The repercussions for the US and European economies were severe, particularly for the Mediterranean members of the Eurozone. Central banks resorted to unprecedented measures such as ultra-low or even negative interest rates, vast purchases of debt securities, and money creation to stabilize markets and economies.

These days the global economy is growing at a moderate pace and seems relatively unstressed. But with interest rates still so low, central banks are deprived of their main tool for tackling economic crises. Moreover the Fed and the European Central Bank are starting to unwind their massive balance sheets.

A policy miss-step by central banks in this uncharted territory was the number one market risk fund managers identified in a recent global survey by Bank of America Merrill Lynch.

A number of former central bankers have been thinking deeply about these challenges. For example, Ben Bernanke published this recent blog on how his former colleagues at the Fed could respond if the next economic crisis was price deflation.

Similarly, Mervyn King and Adair Turner, respectively Governor of the Bank of England and the UK’s chief financial regulator during the GFC, have written books about the radical changes needed in the very nature of financial systems.

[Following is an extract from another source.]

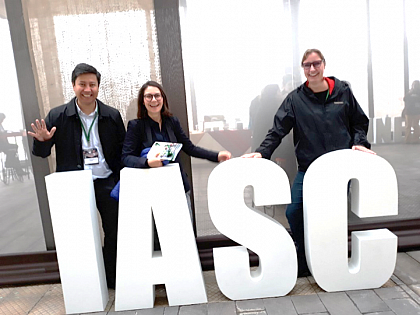 Photo: IASC Meeting in Peru, 2019: Ilkhom Soliev (Communications Officer), Beril Ocaklı (Early Career Network Initiator) and Insa Theesfeld (President-Elect).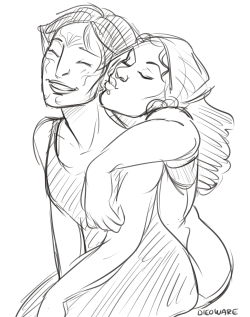 dieoware:   eyra-kelalani asked: IsabelaxMerrill kiss on the ear :D  luv these two!! and i think im getting somewhat better at drawin isabela?? possibly (human /elf proportions are off tho lmao sry)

With such massively complicated and unanswered questions swirling through the global economy, it’s no surprise the anniversary of a major stock market crash prompts investors to reduce all these to one issue: are equities over-priced?

The bulls say yes. We’re in a whole new world of low inflation, moderate economic growth, low interest rates and a reasonably benign international environment. Companies will thrive and deliver for shareholders.

The bears say no. We’re in a whole new world of radical shifts in technology, politics, economics and society; central banks, governments and economies are still burdened by baggage and unfinished business from the GFC; and the world is ever more intensely interconnected. Only the very best companies, young and old, will adapt and thrive.

But choosing which companies is a phenomenal challenge, even for an investor as gifted as Buffett.